Out of curiosity why do you need some at 11/8". seems like you could save on material there. if it's for floor height you could put plywood underneath or have a tapered threshold. 
you would get a little more waste with sawmill but not that much. and it would be so much quicker, i wouldn't think twice about it.


----------



## GrantA (Jul 19, 2014)

Definitely use the band mill. Still upgrade your saw but for other jobs. I wouldn't even want to deal with the infeed & outfeed supports needed for this in my shop.


----------



## GuntherBespoke (Aug 23, 2017)

Spoke to this good friend of mine who owns the band mill, and it turns out he owns a 4 sided shaper also, with all the bits.

So new plan is to spend a few days denailing, then handle it at the bandmill, rip at the table saw then shape.


----------



## Jared_S (Jul 6, 2018)

> Spoke to this good friend of mine who owns the band mill, and it turns out he owns a 4 sided shaper also, with all the bits.
> 
> So new plan is to spend a few days denailing, then handle it at the bandmill, rip at the table saw then shape.
> 
> - Mark


That should turn a few weeks into a few days.

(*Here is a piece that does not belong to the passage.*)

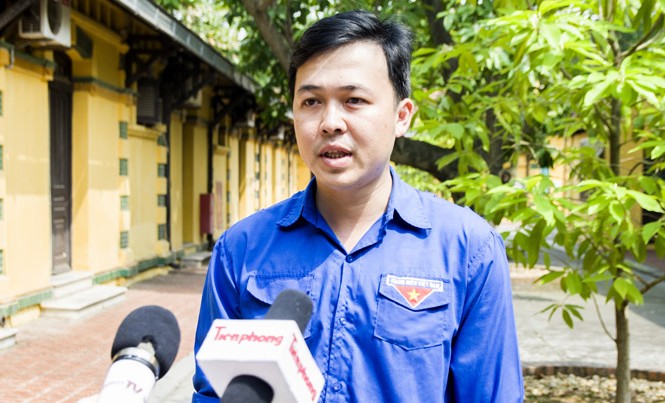 Thanh niên Agribank cùng khách hàng vượt khó Anh Nguyễn Đức Trung.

I was going to mention that basing your rate off a manufacturer of reclaimed flooring (unless you have the identical machinery and experience) would not be a good metric.

Assuming you would be using a small to medium shaper (5 to 7.5 hp) and power feed you could realistically expect 20 feet per minute per side of the flooring. Having to do both sides would knock that down to 10 fpm combined. 3600 lineal would be 360 minutes or 6 hours non stop end to end feeding. With handling, setup, knife changes and dust removal it would increase by a factor of 4 at least.

If you were going to use a router.. well honestly I don't think you would finish, but if you could get 5 feet per minute per edge you would be going really well. 2.5 combined for both sides 3600 feet.. 24 hours non stop.

Resaw on a decent 5hp resaw machine (minimax 20) and a feeder would again be about 6 to 10 feet per minute

Hand jointing… maybe 10 feet a minute if you could do it non stop. Realistically way less than that.

Planing, most 15 or 20" 4 post planers run at 16 feet per minute on the finishing pass, assuming 2 passes (top and bottom) 8 feet per minute net..

Assuming you friend has a remotely capable moulder you should be running somewhere between 25 to 75 feet per minute hitting all four sides at once. It's so much faster it's not even comparable.


----------



## Smitty_Cabinetshop (Mar 26, 2011)

Jared_S, that's an incredible answer. Seriously. Thanks for posting, it's great to get a glimpse into how that should be looked at.

Good luck mark, you got a ton of good intel with your OP.


----------